— Exercise aim —
Please write the data out once more, exactly as it is given.

— Data extracts —
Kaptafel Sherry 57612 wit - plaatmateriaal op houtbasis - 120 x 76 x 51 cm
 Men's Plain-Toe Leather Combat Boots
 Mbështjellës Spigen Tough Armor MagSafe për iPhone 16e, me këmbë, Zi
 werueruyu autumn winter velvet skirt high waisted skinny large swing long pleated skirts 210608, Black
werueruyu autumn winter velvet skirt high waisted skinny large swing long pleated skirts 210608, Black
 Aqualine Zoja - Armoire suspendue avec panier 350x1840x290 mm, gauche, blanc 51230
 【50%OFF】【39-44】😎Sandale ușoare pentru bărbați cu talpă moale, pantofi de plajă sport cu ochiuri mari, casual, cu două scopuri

— Answer box —
Kaptafel Sherry 57612 wit - plaatmateriaal op houtbasis - 120 x 76 x 51 cm
 Men's Plain-Toe Leather Combat Boots
 Mbështjellës Spigen Tough Armor MagSafe për iPhone 16e, me këmbë, Zi
 werueruyu autumn winter velvet skirt high waisted skinny large swing long pleated skirts 210608, Black
werueruyu autumn winter velvet skirt high waisted skinny large swing long pleated skirts 210608, Black
 Aqualine Zoja - Armoire suspendue avec panier 350x1840x290 mm, gauche, blanc 51230
 【50%OFF】【39-44】😎Sandale ușoare pentru bărbați cu talpă moale, pantofi de plajă sport cu ochiuri mari, casual, cu două scopuri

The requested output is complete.